- Directions -
From the line that contains "Property Photo: 2124 Wood Street FL 34237" through the closing line of the entries, write out each line exactly; pictures stay out.

(Data excerpts)
......
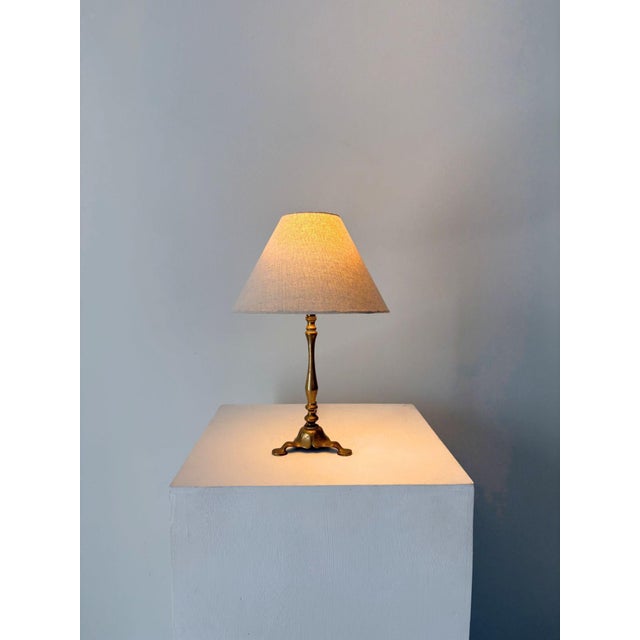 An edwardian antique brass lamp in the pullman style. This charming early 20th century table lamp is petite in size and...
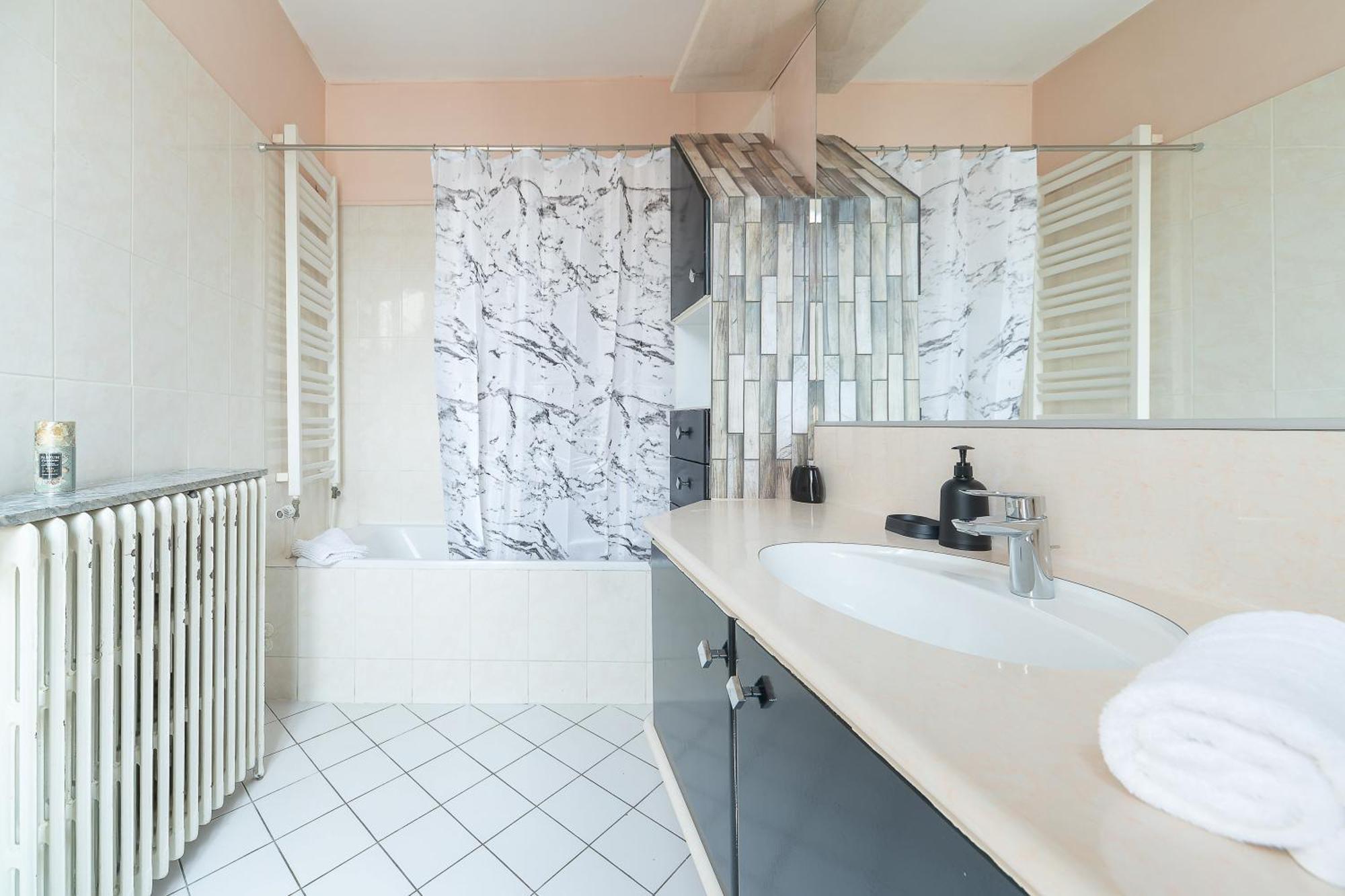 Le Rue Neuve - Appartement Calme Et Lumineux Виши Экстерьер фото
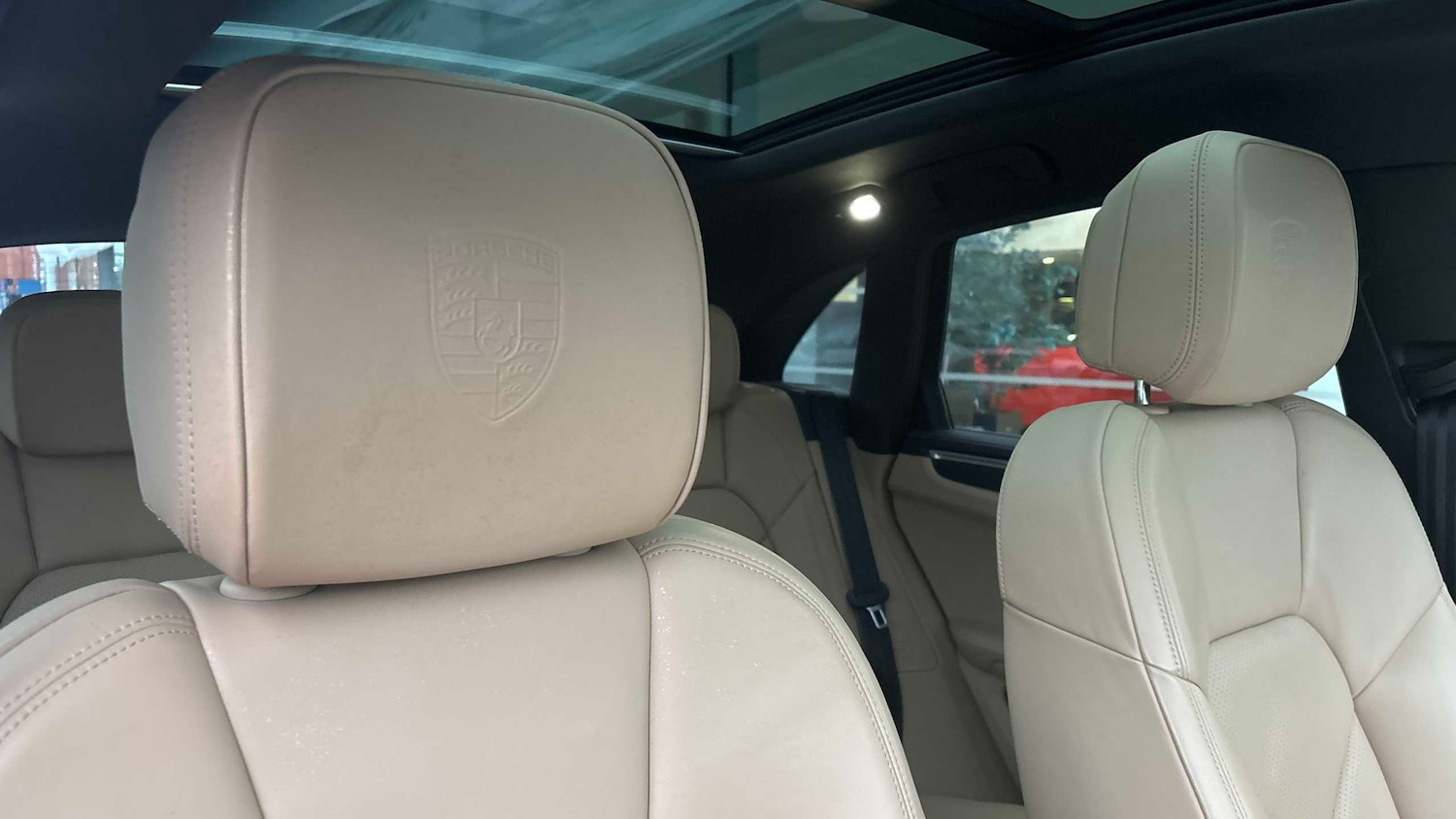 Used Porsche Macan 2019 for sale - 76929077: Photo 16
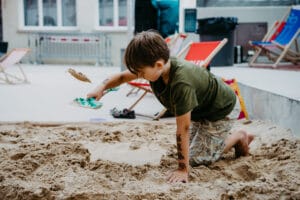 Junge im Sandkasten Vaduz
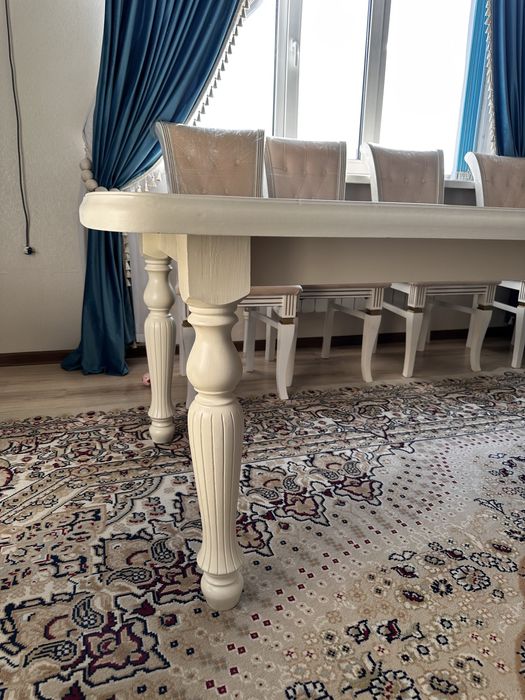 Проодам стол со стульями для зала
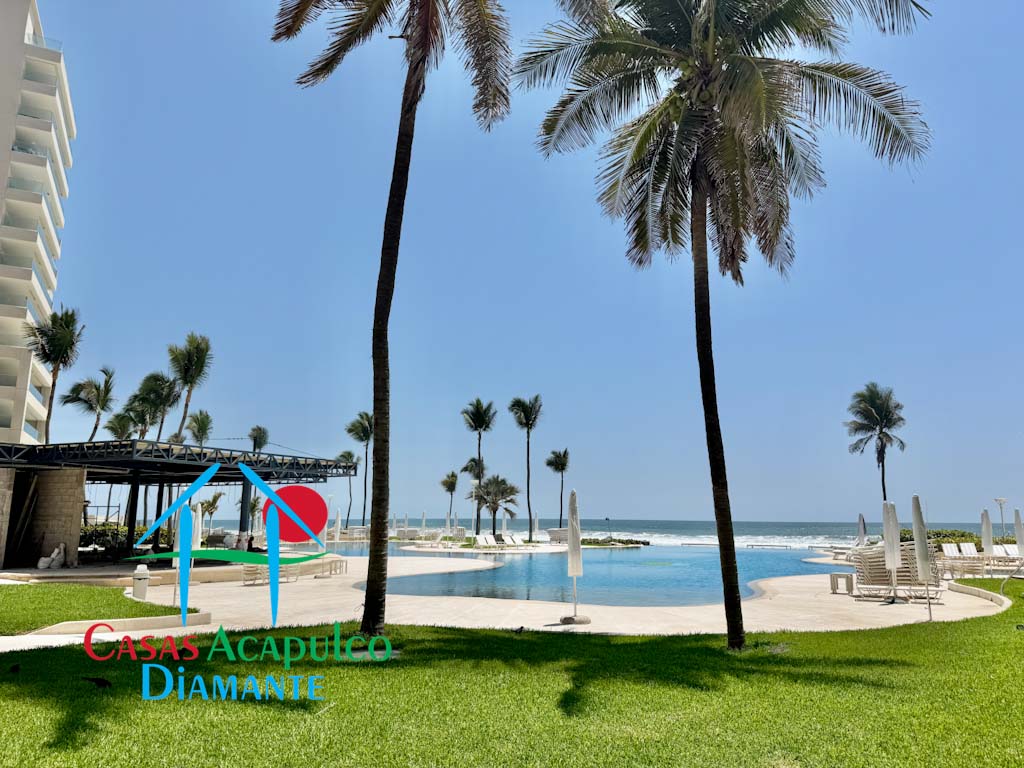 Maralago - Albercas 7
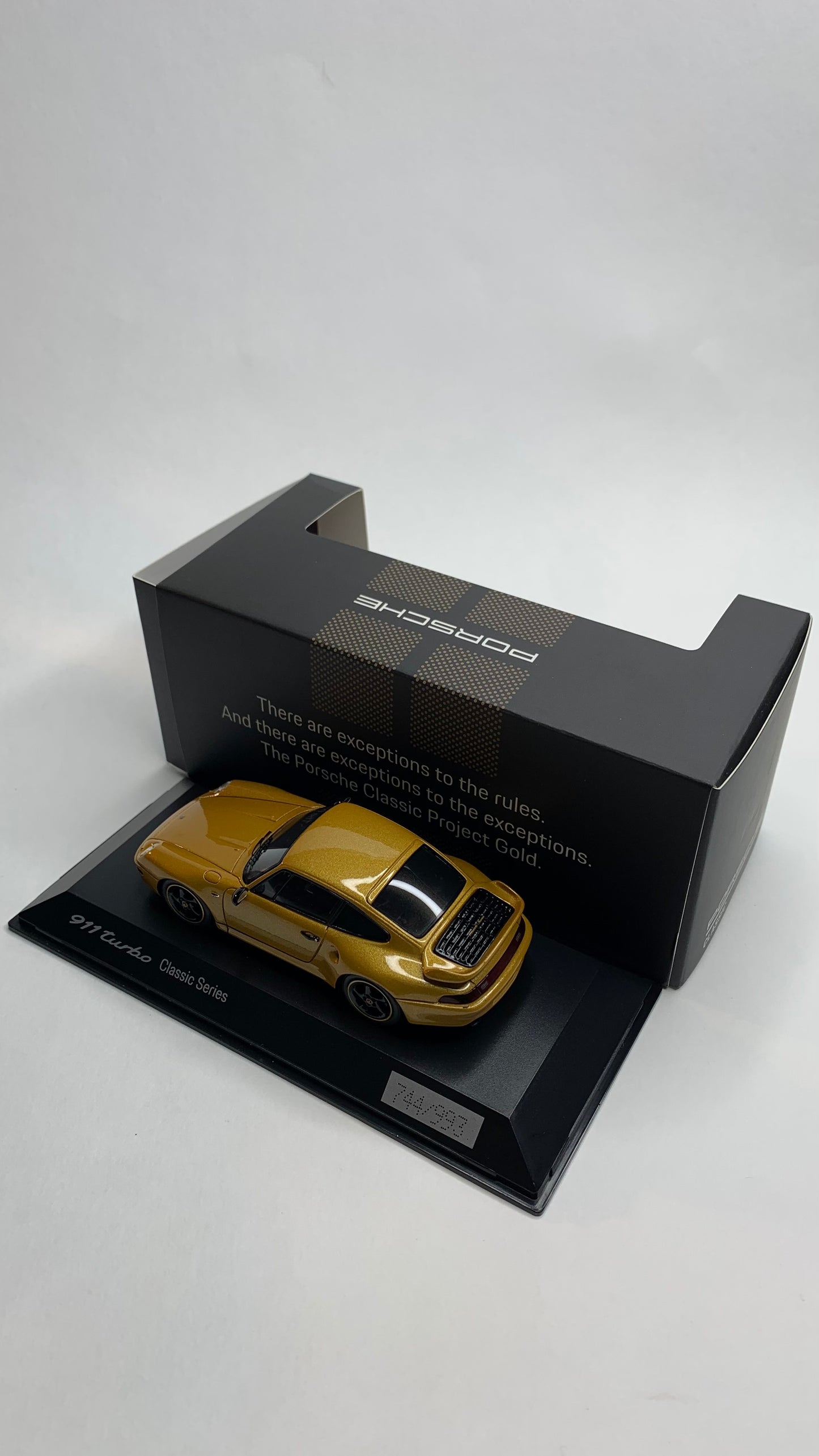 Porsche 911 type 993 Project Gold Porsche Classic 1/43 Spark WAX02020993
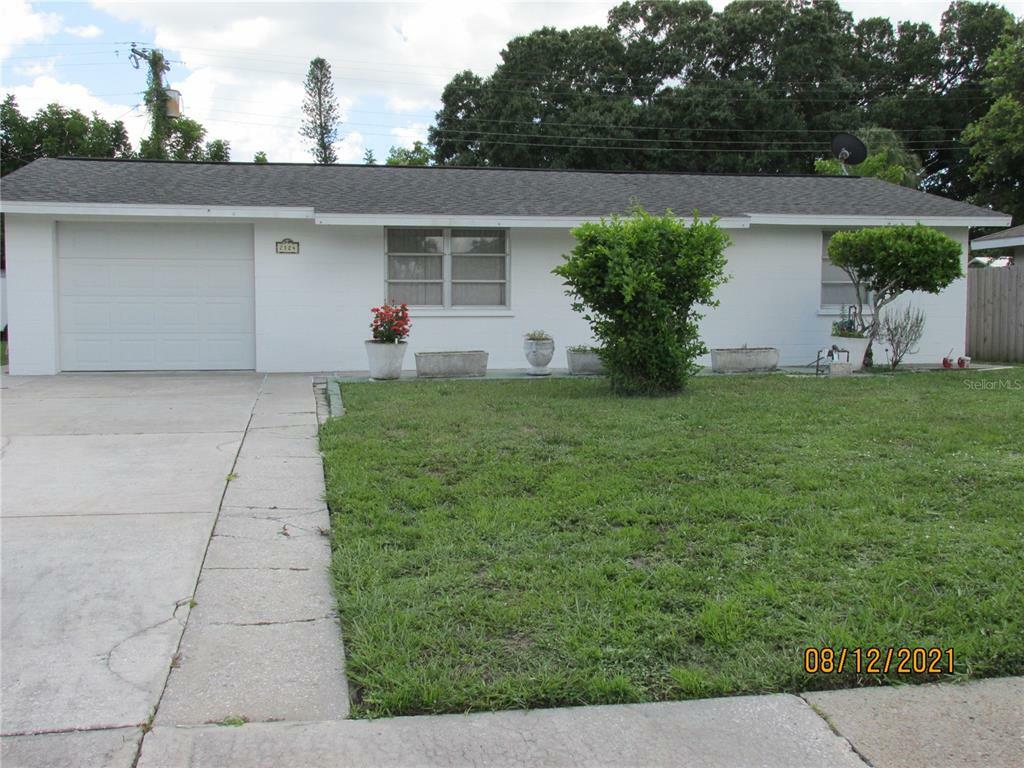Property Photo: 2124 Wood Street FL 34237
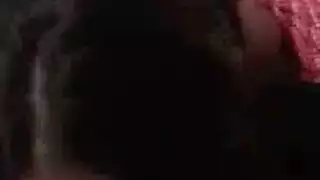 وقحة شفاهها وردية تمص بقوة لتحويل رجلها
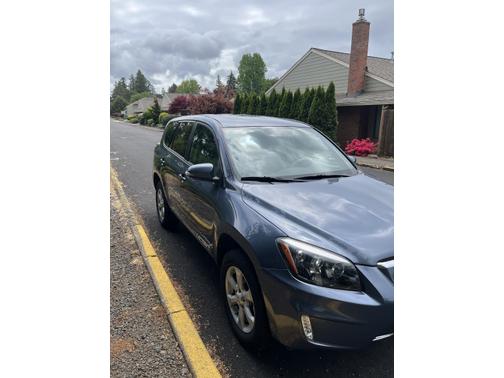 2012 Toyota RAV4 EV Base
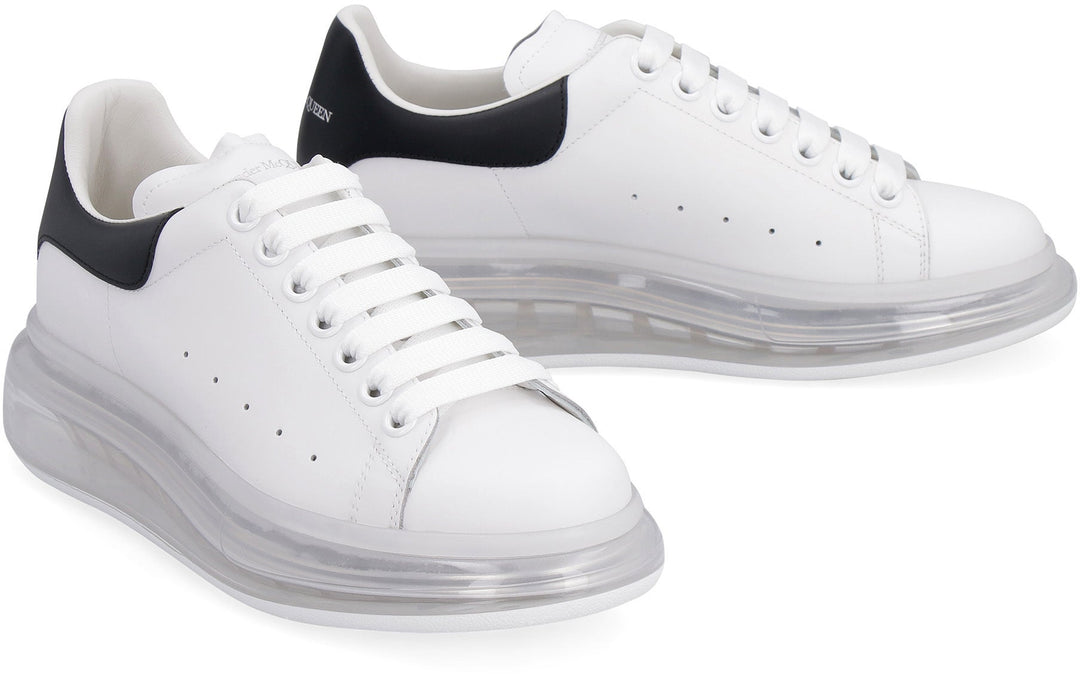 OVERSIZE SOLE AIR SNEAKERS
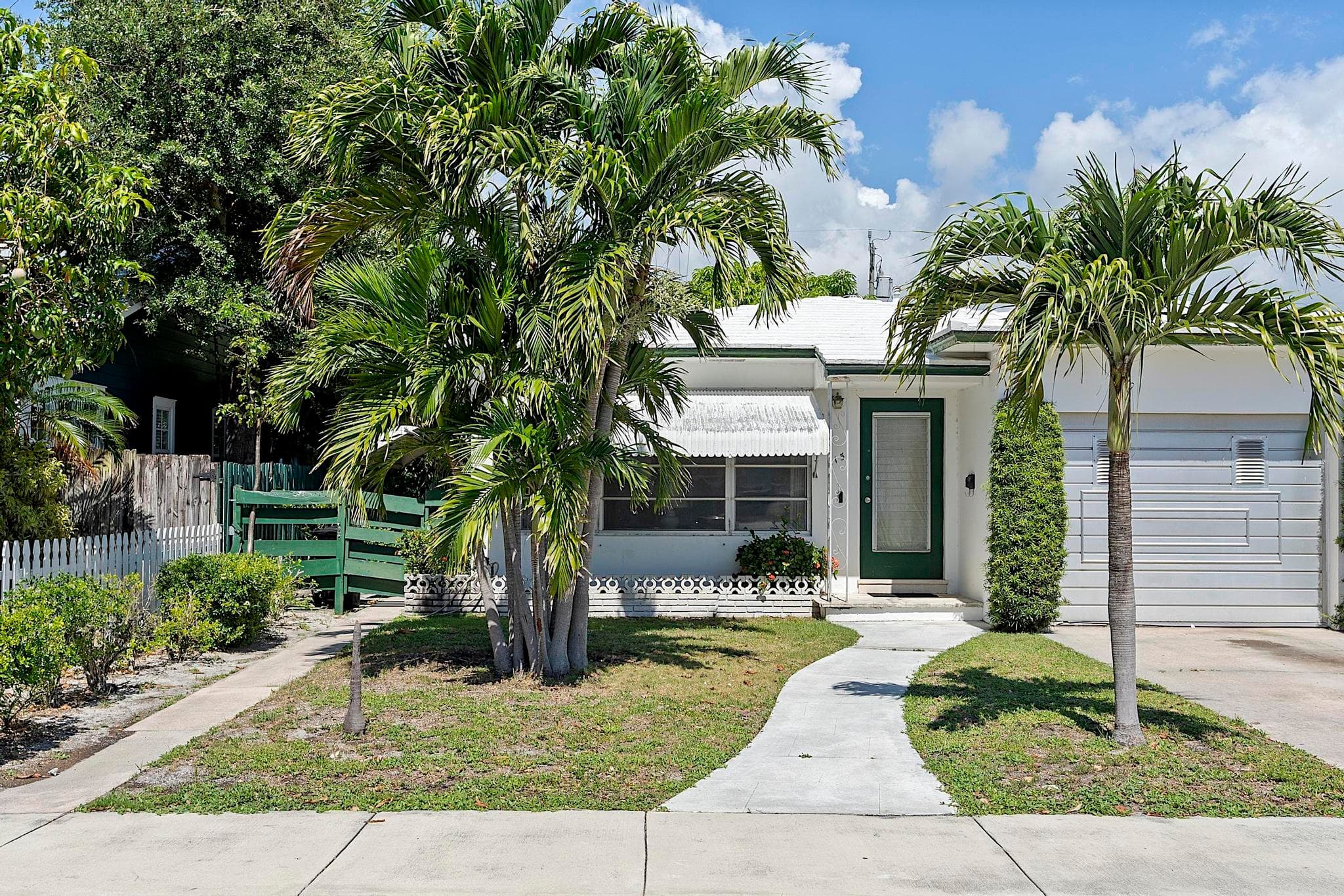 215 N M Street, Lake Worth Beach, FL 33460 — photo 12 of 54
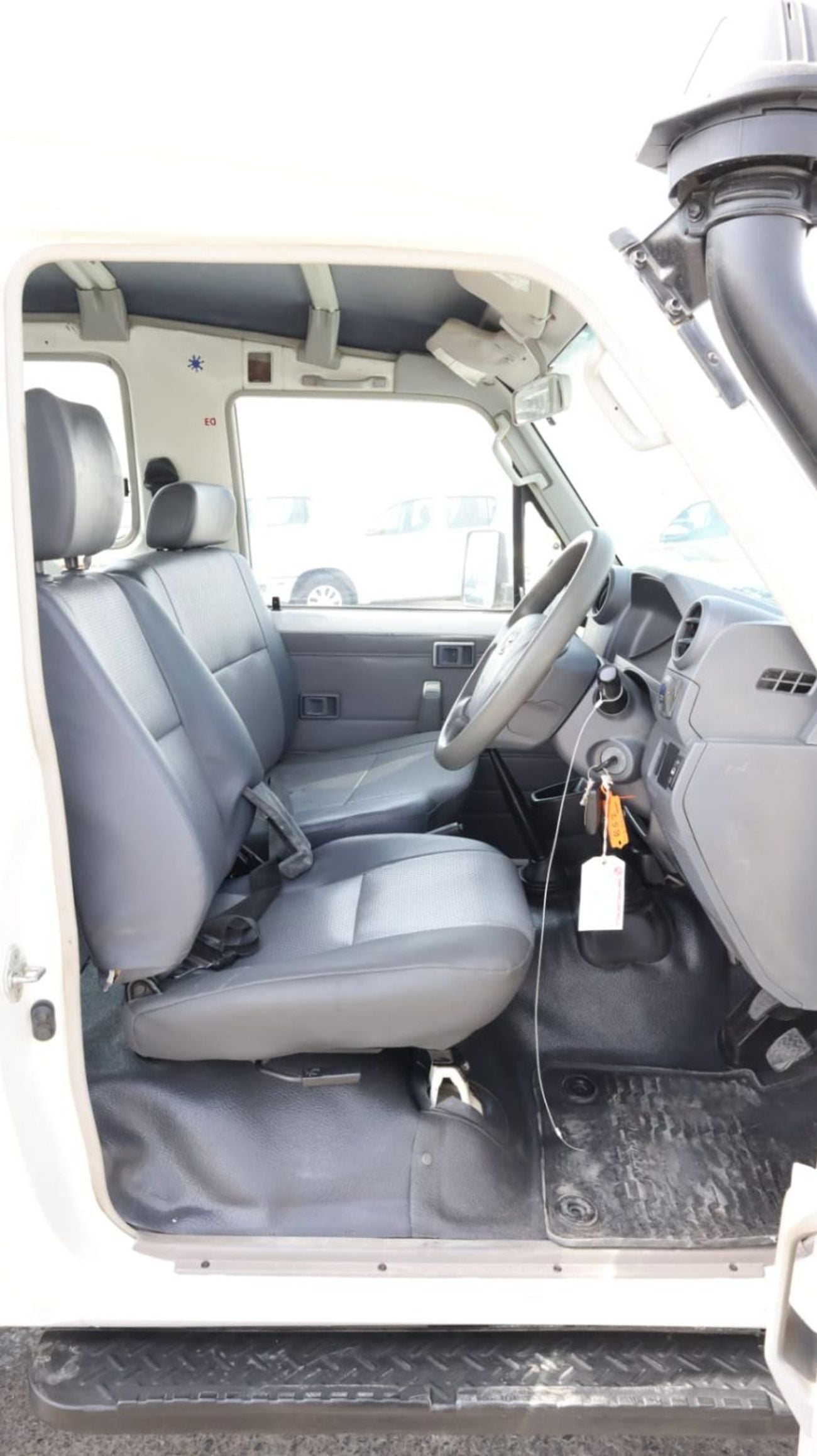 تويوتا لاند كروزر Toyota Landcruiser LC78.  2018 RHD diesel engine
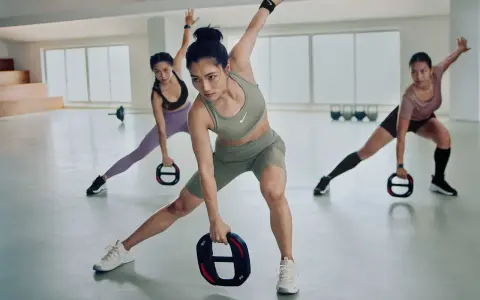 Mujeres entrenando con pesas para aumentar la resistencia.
......
- Problem solution -
Property Photo: 2124 Wood Street FL 34237
 وقحة شفاهها وردية تمص بقوة لتحويل رجلها
 2012 Toyota RAV4 EV Base
 OVERSIZE SOLE AIR SNEAKERS
 215 N M Street, Lake Worth Beach, FL 33460 — photo 12 of 54
 تويوتا لاند كروزر Toyota Landcruiser LC78.  2018 RHD diesel engine
 Mujeres entrenando con pesas para aumentar la resistencia.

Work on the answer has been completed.